Il muro della vergogna


Avviati durante la presidenza di George H. W. Bush, dagli anni novanta ad oggi, i lavori per la costruzione del muro per fermare l'immigrazione sono proseguiti inesorabilmente, anche durante le amministrazioni democratiche. La presidenza Trump ha incentrato tutta la sua campagna proprio su questa opera ciclopica, che potrebbe costare circa sei miliardi di dollari ed estendersi per 3000 km.

Nel suo avanzare, la costruzione del muro non sta risparmiando i danni all'ambiente ed al patrimonio culturale americano. In questi giorni, si è avuta notizia di esplosioni controllate nell'area dell' "Organ Pipe Cactus National Monument", per consentire la posa in opera di una barriera alta circa 9 metri e che dovrebbe attraversare il territorio del parco per 43 miglia.

Il "Tycoon" ha sfruttato il "Real Id Act" del 2005, invocando ragioni di sicurezza nazionale, per poter derogare tutte le norme a protezione dell'ambiente e, in particolare, per scavalcare la tutela speciale garantita al sito, dichiarato nel 1976 riserva della biosfera dell'Unesco. Gli scavi stanno danneggiando il "Monument Hill", il luogo sacro dove gli O'odham seppellivano i guerrieri Apache rivali.

La costruzione della barriera non si ferma davanti a nulla. Non davanti alle morti delle persone disperate che cercano di attraversare il confine, non per tutelare un ecosistema prezioso, patrimonio di tutta l'umanità. Nemmeno di fronte al rispetto per le zone sacre dei nativi, che hanno sempre visto calpestato il loro diritto di nascita e sono stati privati delle loro terre.

I rappresentanti delle tribù locali ed il deputato Raul Grijalva hanno dichiarato di abitare quelle terre da tempo immemorabile. Quelli sono i resti dei loro antenati, sono il legame con il loro passato, sono il simbolo di un intero popolo, di nazioni di nativi che da secoli vengono oppressi. Eppure sembra che gli ultimi non possano trovare pace, neanche nella morte.

La lunga barriera, che da molti ormai è chiamata "della vergogna", si estende come un ferita per miglia, separando i poveri dal sogno di una vita migliore. La costruzione spazza via tutto ciò che si frappone alla sua avanzata. Gli ambientalisti hanno lamentato anche i danni alla falda acquifera e l'interferenza con la migrazione della fauna selvatica.
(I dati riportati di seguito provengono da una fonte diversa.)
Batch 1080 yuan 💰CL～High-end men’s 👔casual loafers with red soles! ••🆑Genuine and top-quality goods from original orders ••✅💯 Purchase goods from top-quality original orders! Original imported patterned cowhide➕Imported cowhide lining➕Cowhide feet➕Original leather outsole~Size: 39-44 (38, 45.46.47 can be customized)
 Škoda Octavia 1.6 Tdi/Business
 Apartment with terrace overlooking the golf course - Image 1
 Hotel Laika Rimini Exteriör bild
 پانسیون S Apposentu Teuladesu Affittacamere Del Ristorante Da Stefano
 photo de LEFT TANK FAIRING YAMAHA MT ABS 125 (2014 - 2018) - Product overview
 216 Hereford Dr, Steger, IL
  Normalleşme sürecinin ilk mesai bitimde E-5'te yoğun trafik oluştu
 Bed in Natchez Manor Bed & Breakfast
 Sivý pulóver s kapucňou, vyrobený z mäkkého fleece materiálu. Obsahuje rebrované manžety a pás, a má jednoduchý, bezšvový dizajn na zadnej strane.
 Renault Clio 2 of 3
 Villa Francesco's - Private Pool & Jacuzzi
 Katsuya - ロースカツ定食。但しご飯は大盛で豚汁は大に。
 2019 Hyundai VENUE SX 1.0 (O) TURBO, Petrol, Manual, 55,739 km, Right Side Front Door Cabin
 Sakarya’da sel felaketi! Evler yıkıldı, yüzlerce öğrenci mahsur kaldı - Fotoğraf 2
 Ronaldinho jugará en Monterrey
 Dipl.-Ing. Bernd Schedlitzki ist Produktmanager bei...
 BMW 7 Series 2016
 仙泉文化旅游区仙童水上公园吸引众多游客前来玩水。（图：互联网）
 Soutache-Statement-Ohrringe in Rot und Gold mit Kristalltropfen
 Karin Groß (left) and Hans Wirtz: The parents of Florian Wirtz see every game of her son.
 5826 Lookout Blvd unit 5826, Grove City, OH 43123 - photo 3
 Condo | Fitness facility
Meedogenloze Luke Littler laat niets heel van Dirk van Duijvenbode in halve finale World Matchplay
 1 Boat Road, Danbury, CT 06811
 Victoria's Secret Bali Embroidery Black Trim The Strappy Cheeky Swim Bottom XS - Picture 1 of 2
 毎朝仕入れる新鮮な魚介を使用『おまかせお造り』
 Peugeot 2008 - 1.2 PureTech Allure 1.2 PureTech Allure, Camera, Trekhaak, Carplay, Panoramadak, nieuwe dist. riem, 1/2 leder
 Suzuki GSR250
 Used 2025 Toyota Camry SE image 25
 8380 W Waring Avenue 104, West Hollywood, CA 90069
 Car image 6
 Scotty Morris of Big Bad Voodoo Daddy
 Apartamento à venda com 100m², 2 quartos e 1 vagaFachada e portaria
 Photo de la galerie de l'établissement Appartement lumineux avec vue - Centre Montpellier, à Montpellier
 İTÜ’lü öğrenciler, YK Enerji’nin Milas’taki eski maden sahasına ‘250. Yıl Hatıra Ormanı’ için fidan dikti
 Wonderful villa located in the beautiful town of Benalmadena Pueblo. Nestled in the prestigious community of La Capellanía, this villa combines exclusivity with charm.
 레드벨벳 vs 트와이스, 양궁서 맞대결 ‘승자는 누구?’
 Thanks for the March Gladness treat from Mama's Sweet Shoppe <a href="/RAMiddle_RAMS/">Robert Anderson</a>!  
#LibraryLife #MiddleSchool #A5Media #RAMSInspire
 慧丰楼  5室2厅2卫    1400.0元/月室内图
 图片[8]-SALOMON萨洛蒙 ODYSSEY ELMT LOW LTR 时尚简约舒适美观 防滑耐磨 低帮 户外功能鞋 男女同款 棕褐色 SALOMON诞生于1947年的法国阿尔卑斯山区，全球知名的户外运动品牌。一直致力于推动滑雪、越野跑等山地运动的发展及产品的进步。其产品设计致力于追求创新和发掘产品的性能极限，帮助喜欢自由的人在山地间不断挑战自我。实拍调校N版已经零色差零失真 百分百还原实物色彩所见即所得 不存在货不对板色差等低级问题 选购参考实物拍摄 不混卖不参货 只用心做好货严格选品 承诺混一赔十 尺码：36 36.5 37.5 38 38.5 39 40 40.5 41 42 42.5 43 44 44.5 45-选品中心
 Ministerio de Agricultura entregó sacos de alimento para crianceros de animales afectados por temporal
Purtroppo, sembra che il potere e la ricchezza siano molto più forti della difesa delle vite umane, dei diritti, della storia, delle tradizioni, delle radici culturali, di un ecosistema prezioso e selvaggio che sarà irrimediabilmente perso. Da una parte i nativi, confinati nelle riserve, dall'altra i migranti, reclusi nei centri grazie all'accordo "Remain in Mexico". Sulle loro vite l'ombra del muro.